Catholic Diocese of Spokane, Washington
Official News Magazine of the Diocese of Spokane
P.O. Box 48, Spokane WA 99210
(509) 358-7340; FAX: (509) 358-7302
Diocese seeks relief from financial burden resulting from two Chapter 11 Creditors Committees
the Inland Register
(From the Feb. 24, 2005 edition of the Inland Register)
Calling the appointment of the second committee “an extraordinary remedy” that could potentially add millions of dollars of additional legal expenses to the case, the Catholic Diocese of Spokane contended in several pleadings filed today in U.S. Bankruptcy Court that one creditors’ committee can adequately represent the interests of all the Tort Claimants in the case.
The Diocese’s pleadings contest the formation two weeks ago of a second creditors’ committee to represent the interests of individuals claiming sexual abuse by priests of the diocese.

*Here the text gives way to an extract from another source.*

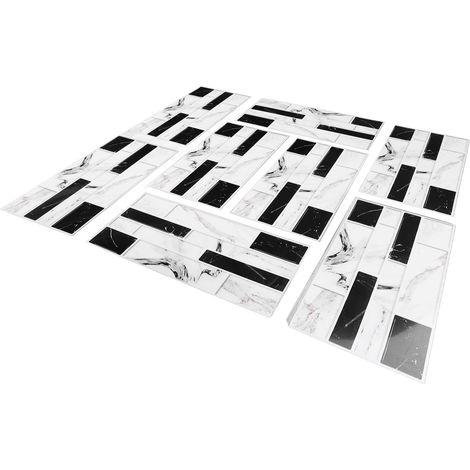 Ensemble de 27 carreaux de papier peint pour cuisine, auto-adhésifs, en PVC, résistants à l'usure, blanc/noir, motif brique, pour la maison/salle de bain (1/5)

On December 23, 2004, less than three weeks after the Diocese filed for Chapter 11 Reorganization, the Office of the U. S. Trustee appointed a five-member committee of Tort Claimants. Of that committee’s five members, two had filed lawsuits against the Diocese; three had not. On February 2, 2005, the U. S. Trustee appointed a second creditors’ committee, comprised of five claimants, all of whom had filed lawsuits against the Diocese.
The two committees have retained separate law firms, one from Seattle, one from Los Angeles. For their services, those firms charge as much as $400 per hour.
As the debtor, the Diocese legally is responsible for the payment of not only its own legal fees, but the fees incurred by any official creditors’ committees.
The Catholic Archdiocese of Portland, Ore., and the Catholic Diocese of Tucson, Ariz., both filed Chapter 11 petitions in 2004. According to Shaun Cross, one of the attorneys representing the Spokane Diocese, “The administrative expenses in Portland totaled $400,000 in the month of January alone. And that is with just one creditors committee.”
The same U. S. Trustee who appointed two committees in Spokane appointed only one creditor committee for each of the Portland and Tucson cases.
Father Steve Dublinski, Vicar General of the Spokane Diocese, said that “The Spokane Diocese simply cannot afford to pay $400,000 each month in administrative expenses. We believe that the appointment of a second committee was well intentioned. But this development, with its profound financial ramifications, threatens the very ability of the Diocese to reach a fair resolution of the claims and to make it through the Reorganization process.”
In its pleadings filed today with the Bankruptcy Court, the Spokane Diocese argues that appointing a second committee is an extraordinary remedy. Fairness, justice, and equity will be better served for everyone by simply changing the composition of the first committee.
Said Shaun Cross, “This is not about adequate representation for those who are claiming they were abused. This is a question of whether this Debtor will be given the opportunity to even reorganize.” The significantly higher legal costs, said Cross, make the Diocese’s financial survival extremely difficult – in direct opposition to the goal of the Chapter 11 Reorganization process.